● COLLECTED DATA
★ ★ ★ ★ ★ ★ ★
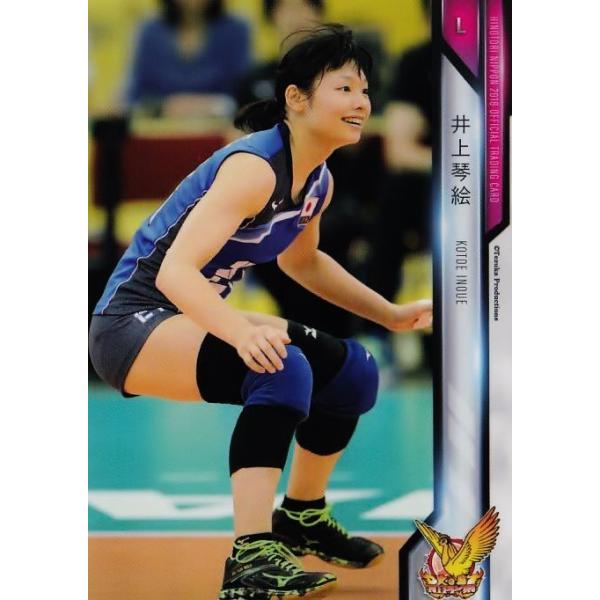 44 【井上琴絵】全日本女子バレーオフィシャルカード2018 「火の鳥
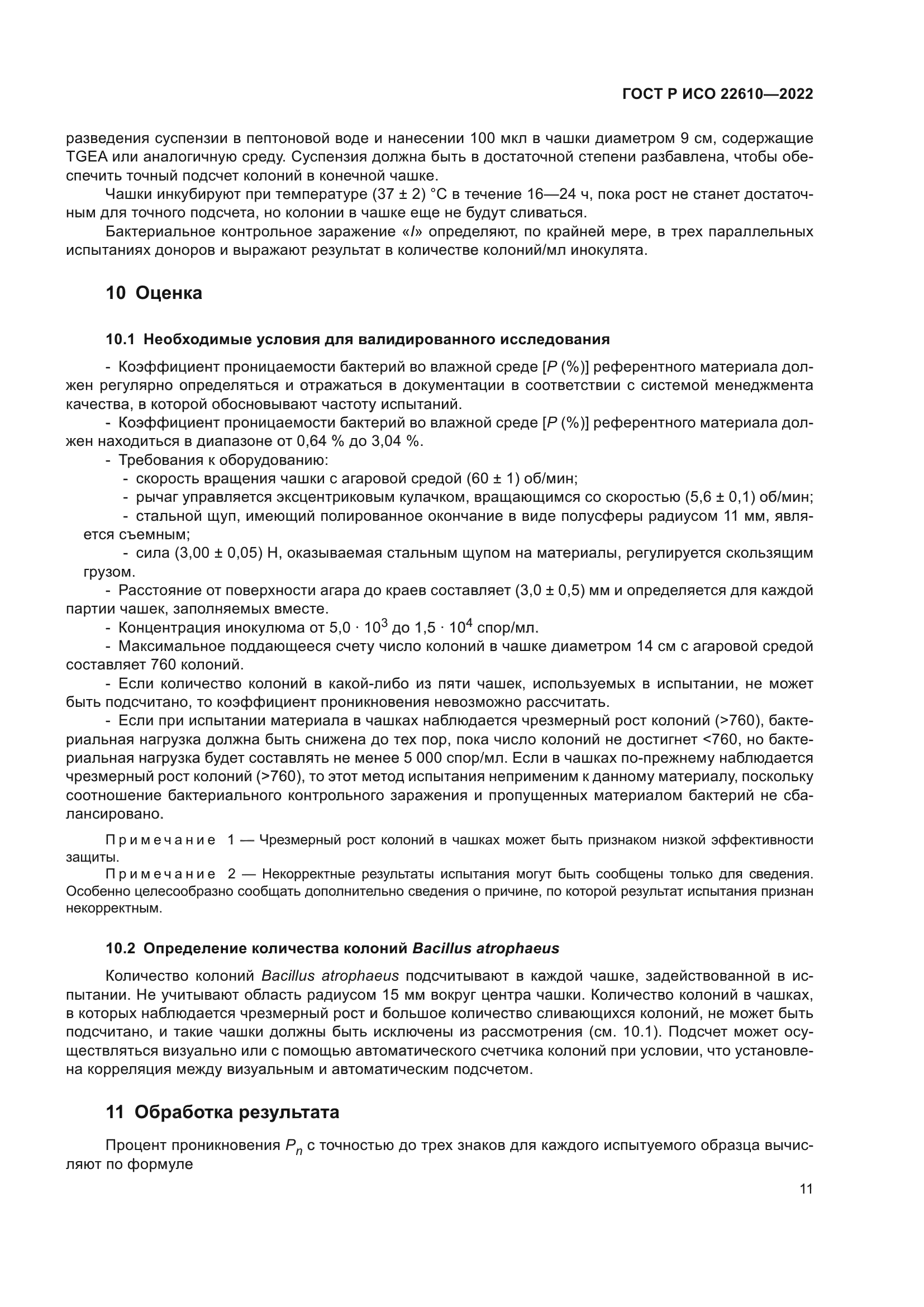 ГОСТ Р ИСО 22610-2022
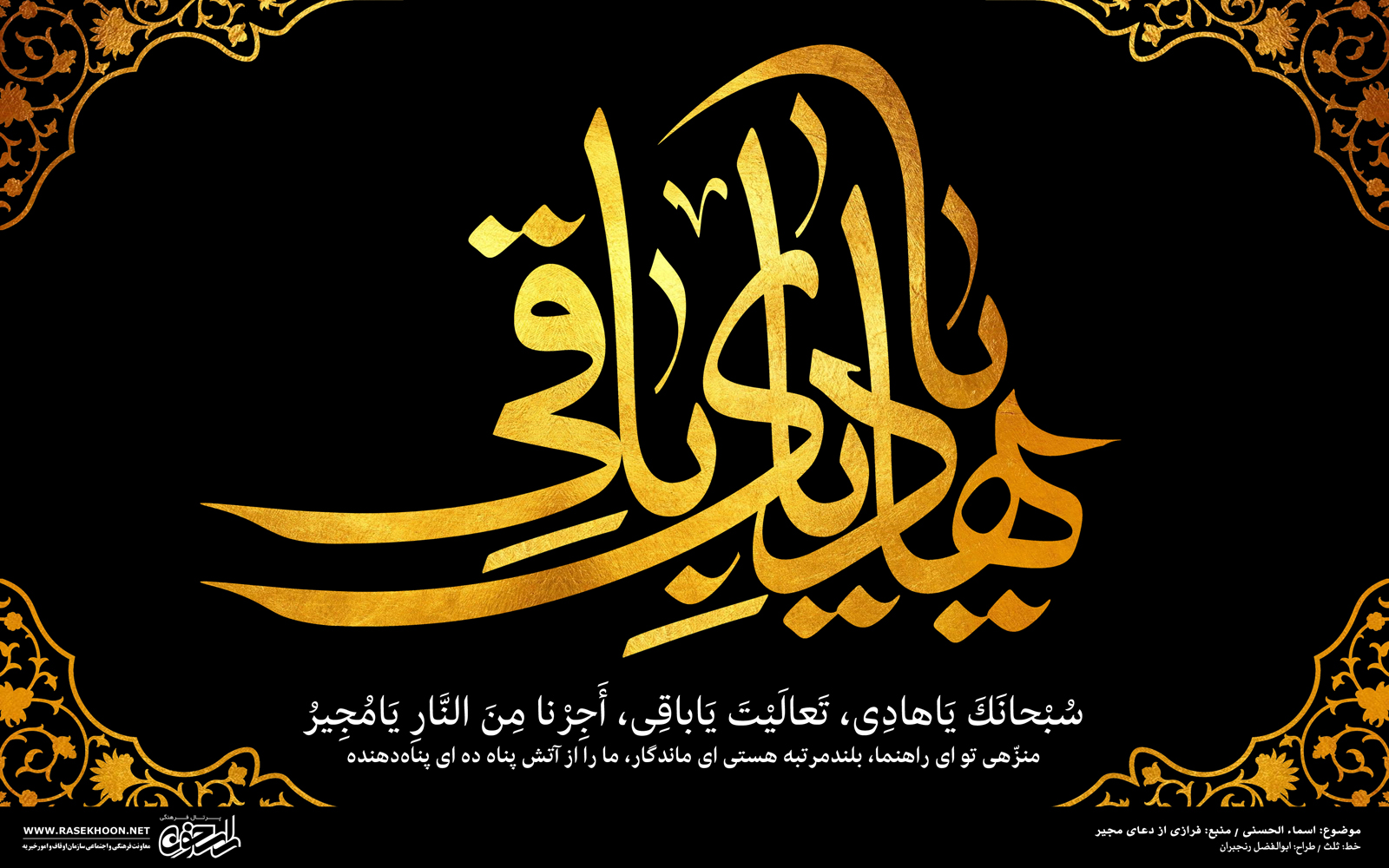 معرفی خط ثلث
★ ★ ★ ★ ★ ★ ★
● WHAT IS REQUIRED
What is needed is every line of the data above, set down exactly but with the images left out.

● RESPONSE TO THIS TASK
 44 【井上琴絵】全日本女子バレーオフィシャルカード2018 「火の鳥
 ГОСТ Р ИСО 22610-2022
 معرفی خط ثلث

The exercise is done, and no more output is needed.